[1] 🎈Simulation Schemes

For simulating competing risks (CR) data, we have to simulate event times and event types. Below are two schemes for simulation:

  1. First simulate event types, then simulate event times: This scheme simulates from a proportional subdistribution hazards (PSDH) model. It is implemented in ‘fastcmprsk’ R package (Fine and Gray 1999; Kawaguchi et al. 2019).

  2. First simulate event times, then simulate event types: This scheme simulates from a proportional cause-specific hazards (PCSH) model.
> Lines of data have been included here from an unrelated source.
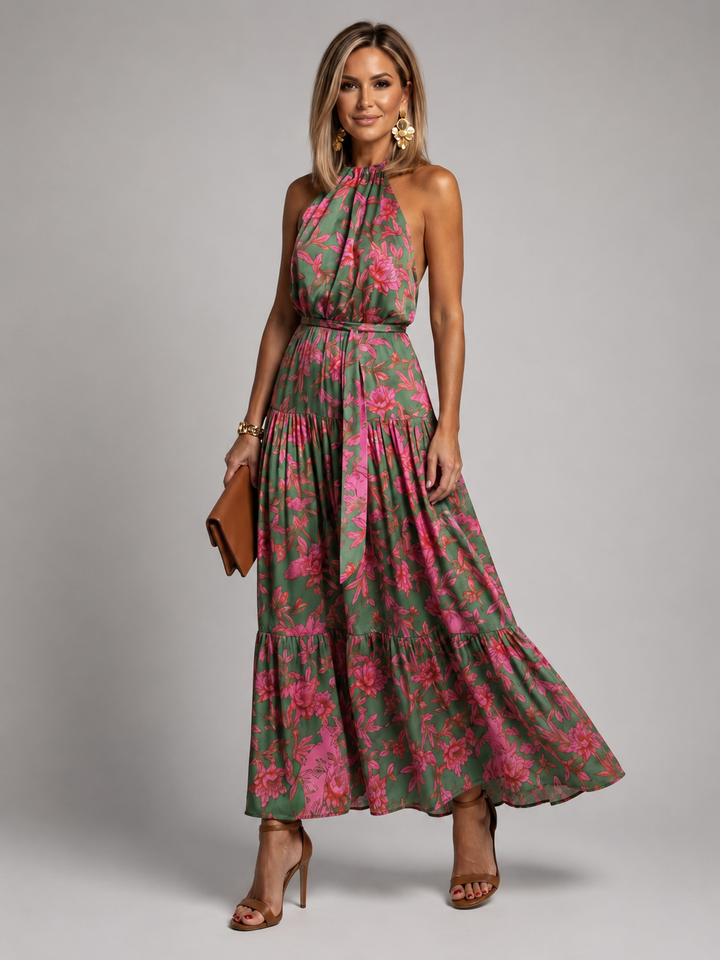 Katell — Robe longue dos nu à volants étagés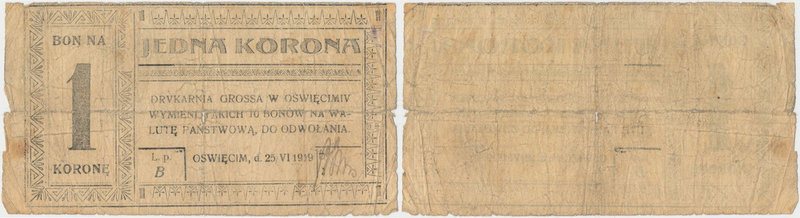 Oświęcim, Drukarnia Grossa, 1 korona 1919
 

Grade: VG+ 
Reference: Podczask...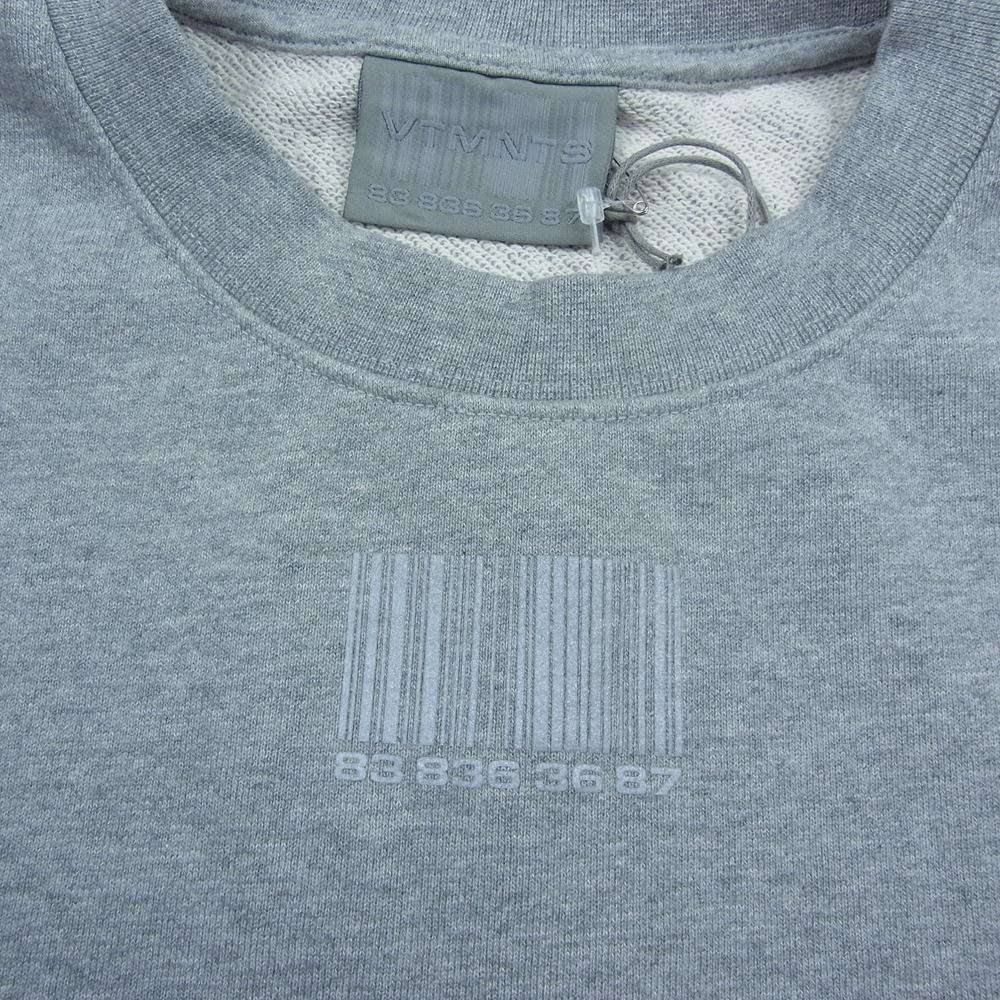 VETEMENTS ヴェトモン スウェット VL14CW100G VTMNTS BARCODE SWEATSHIRT バーコード スウェットシャツ  リフレクティブ ロゴ トレーナー グレー系 XL【新古品】【未使用】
It is implemented in ‘survsim’ R package (Beyersmann et al. 2009; Moriña and Navarro 2017).



[2] 🎈Simulation Example

[2.1] 🎈🎈User-chosen parameters and covariates

rm(list=ls())
n = 100 # number of samples to be generated
J = 2   # number of competing events
X = matrix( rnorm(n*3), ncol=3, dimnames = list(c(),c("X1","X2","X3")) ) # cova-
        #riate matrix with 3 covariates X1, X2, X3
beta1 = c(log(2.5),log(2),-log(2)) # effect of the covariates on event 1
beta2 = c(0,0,-log(1.2)) # effect of the covariates on event 2

X[1:6,]
##               X1         X2           X3
## [1,]  0.70348073 -0.8579075 -0.001157996
## [2,] -0.36981807 -0.4065081 -1.123856052
## [3,]  0.23529715 -0.3591893  0.096325460
## [4,] -0.06014776  0.1165779 -1.181138932
## [5,]  1.80348941  1.0329221  0.440373011
## [6,] -0.66629612 -0.3824985 -0.618692255



[2.2] 🎈🎈CR data simulation using PSDH (limited to two causes)

# ⭕️ Load source 

source("source/simulateTwoCauseFineGrayModel1.R") # an extension of fastcmprsk::simulateTwoCauseFineGrayModel()
#library(fastcmprsk)

# arguments of simulateTwoCauseFineGrayModel1() function
#
# nobs = number of samples to be generated
# beta1 = effect of the covariates on event 1
# beta2 = effect of the covariates on event 2
# X = covariate matrix
# dist.cens = censoring distribution, can be "llogistic", "weibull", "lnorm", "unif"
# beta0.cens = shape/first parameter of the censoring distribution
# anc.cens = scale/second parameter of the censoring distribution
# p = prevalence when all X's are zero
# returnX = whether X should be returned 

# ⭕️ Simulate data with varying censoring distribution and prevalence 

dist.cens.vec = c("llogistic", "weibull", "lnorm", "unif") # varying censoring distribution
beta0.cens.vec = c(0, 0.1, 0.2, 0.3) # varying censoring distribution params
anc.cens.vec = c(1, 1.1, 1.2, 1.3) # varying censoring distribution params
prev_0.vec = c(0.05, 0.03, 0.01) # varying prevalence

data = list() # will hold 4x4x4x3 = 192 simulated datasets

for(i in seq(dist.cens.vec))
for(j in seq(beta0.cens.vec))
for(k in seq(anc.cens.vec))
for(l in seq(prev_0.vec))
{
    d = simulateTwoCauseFineGrayModel1(nobs = n, beta1 = beta1, beta2 = beta2, X = X, 
    dist.cens = dist.cens.vec[i], beta0.cens = beta0.cens.vec[j], anc.cens = anc.cens.vec[k],
    p = prev_0.vec[l], returnX = F)
    auxdata = data.frame( cause = d$fstatus, time = d$ftime )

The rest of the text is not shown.